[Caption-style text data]
▽

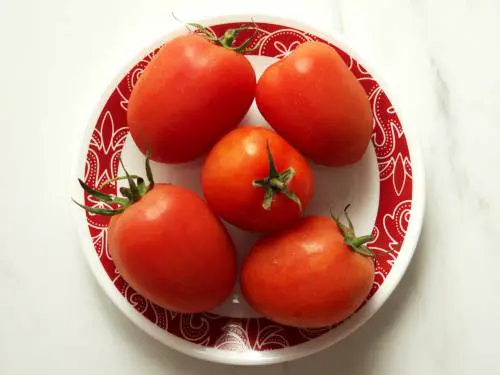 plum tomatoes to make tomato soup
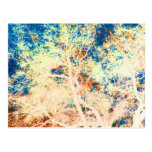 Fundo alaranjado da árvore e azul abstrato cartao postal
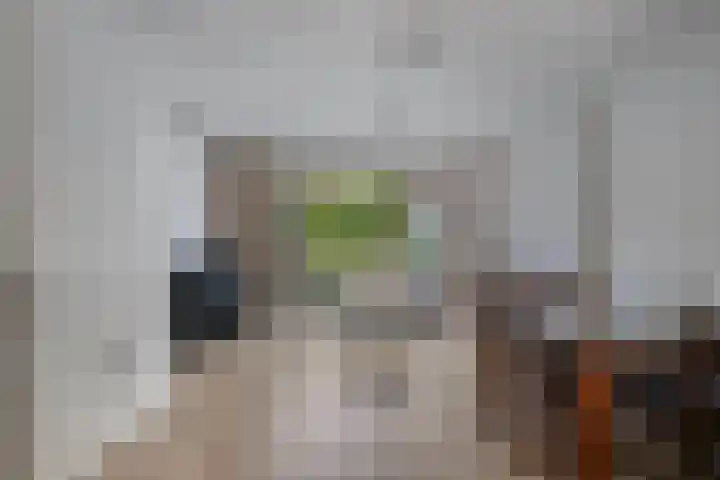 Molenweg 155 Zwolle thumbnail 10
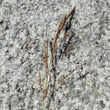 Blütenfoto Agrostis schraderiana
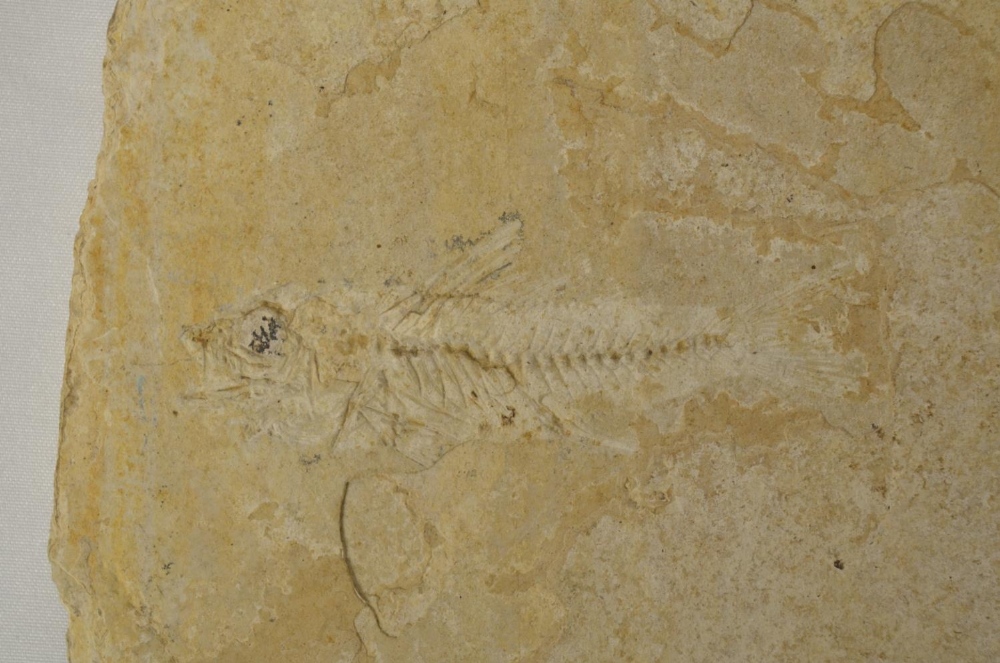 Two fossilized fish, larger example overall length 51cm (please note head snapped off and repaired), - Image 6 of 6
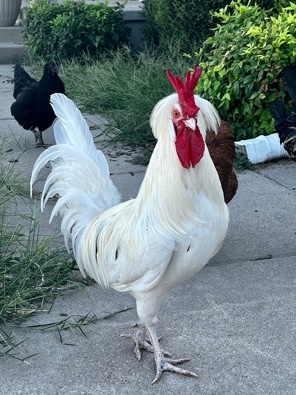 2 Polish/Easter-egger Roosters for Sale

△

Exercise details => Return the entries above exactly and in full; do not include images.

Task result =>
 plum tomatoes to make tomato soup
 Fundo alaranjado da árvore e azul abstrato cartao postal
 Molenweg 155 Zwolle thumbnail 10
 Blütenfoto Agrostis schraderiana
 Two fossilized fish, larger example overall length 51cm (please note head snapped off and repaired), - Image 6 of 6
 2 Polish/Easter-egger Roosters for Sale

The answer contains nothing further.